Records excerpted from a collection
####################
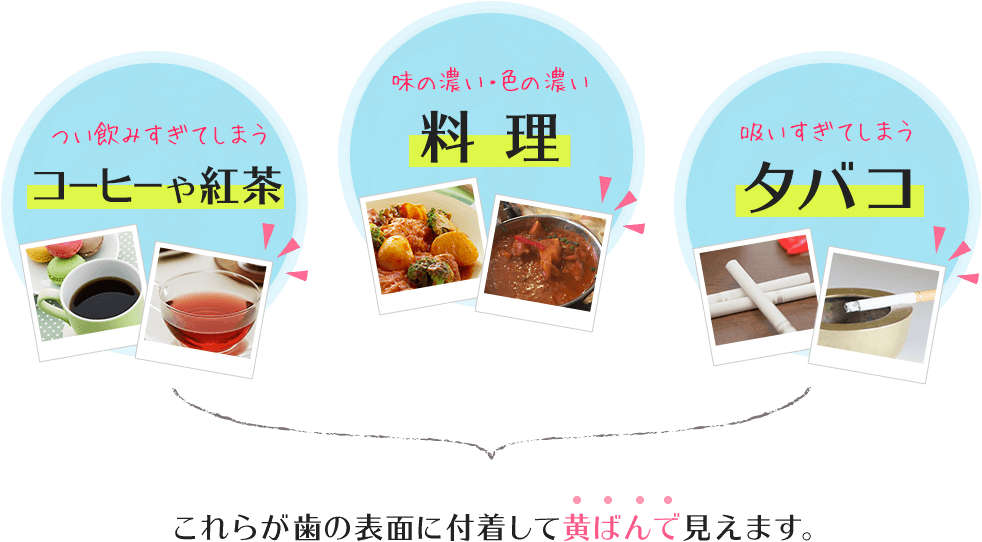 つい飲みすぎてしまうコーヒーや紅茶/味の濃い・色の濃い料理/吸いすぎてしまうタバコ これらが歯の表面に付着して黄ばんで見えます。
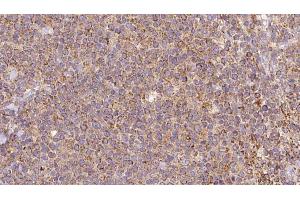 Immunohistochemistry (IHC) image for anti-ATPase, H+ Transporting, Lysosomal 70kDa, V1 Subunit A (ATP6V1A) (C-Term) antibody (ABIN6260133)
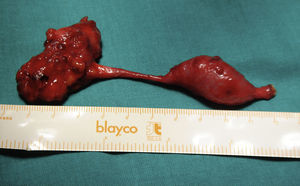 Pieza macroscópica de nefroureterectomía por valva ureteral distal y atresia ureteral proximal.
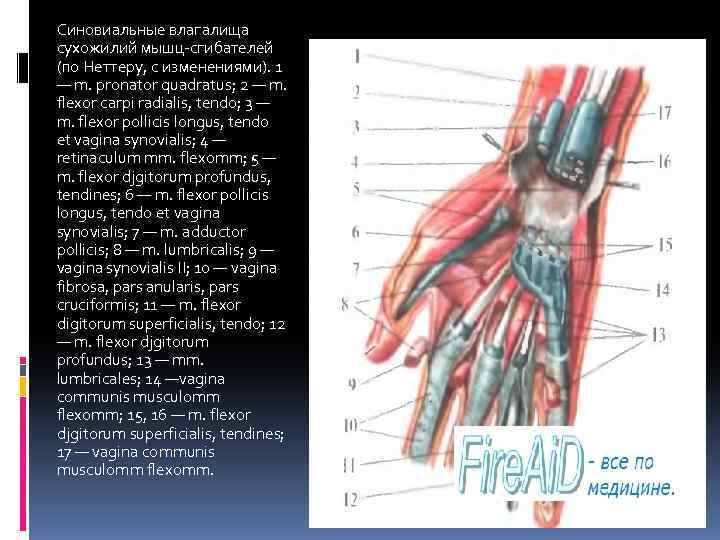 Синовиальные влагалища сухожилий мышц-сгибателей (по Неттеру, с изменениями). 1 — m. pronator quadratus; 2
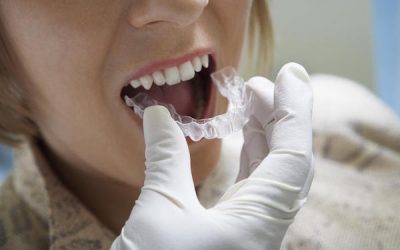Using Invisalign to Straighten Your Teeth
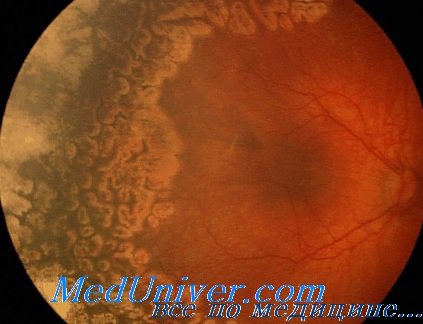 ретинопатия недоношенных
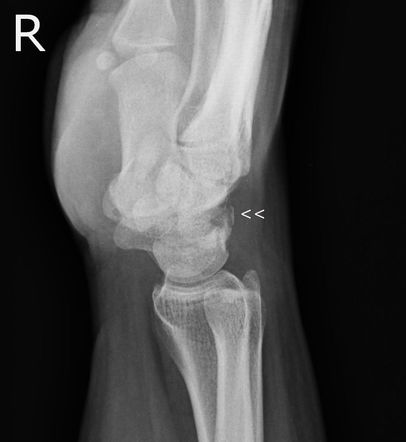 Triquetral fracture | Radiology Reference Article | Radiopaedia.org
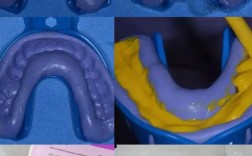 正畸硅橡胶取模方法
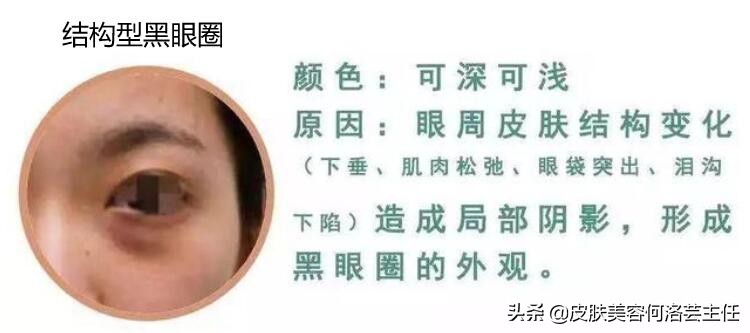 熬夜怎么快速去除黑眼圈,熬夜怎么消除黑眼圈学生党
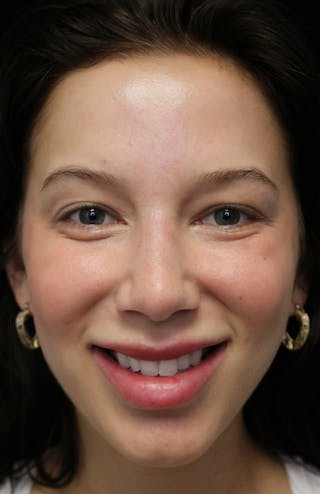 Beverly Hills Rhinoplasty Before & After Gallery - Patient 241548 - Image 4 Dr. Deepak Raj Dugar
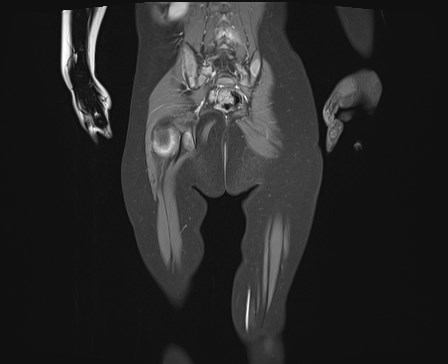 File:Neuroblastoma with bone metastases (Radiopaedia 67080-76414 E 21).jpg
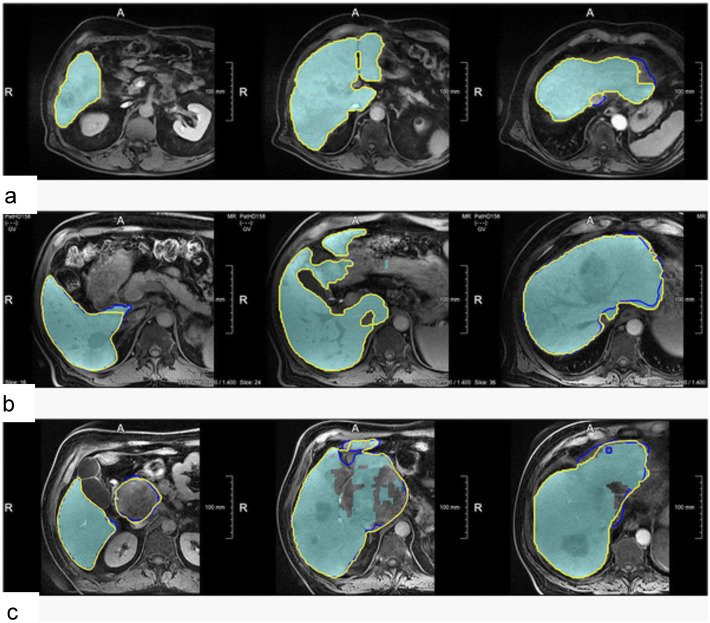 Fig. 7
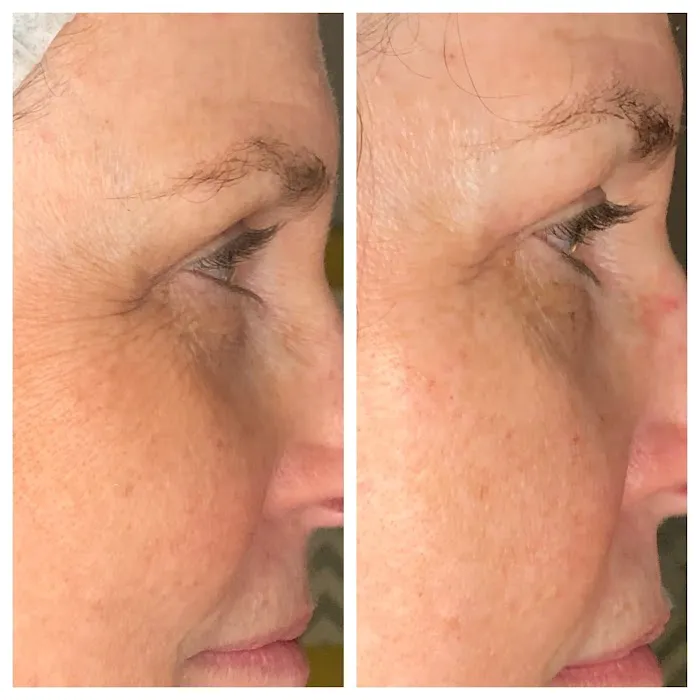 Simply Pure Skin Studio Picture 5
####################
- Try it -
Word for word, give again the lines from the line with "Beverly Hills Rhinoplasty" through the end of the records above, with both ends included and the pictures left out.

- Completed task -
 Beverly Hills Rhinoplasty Before & After Gallery - Patient 241548 - Image 4 Dr. Deepak Raj Dugar
 File:Neuroblastoma with bone metastases (Radiopaedia 67080-76414 E 21).jpg
 Fig. 7
 Simply Pure Skin Studio Picture 5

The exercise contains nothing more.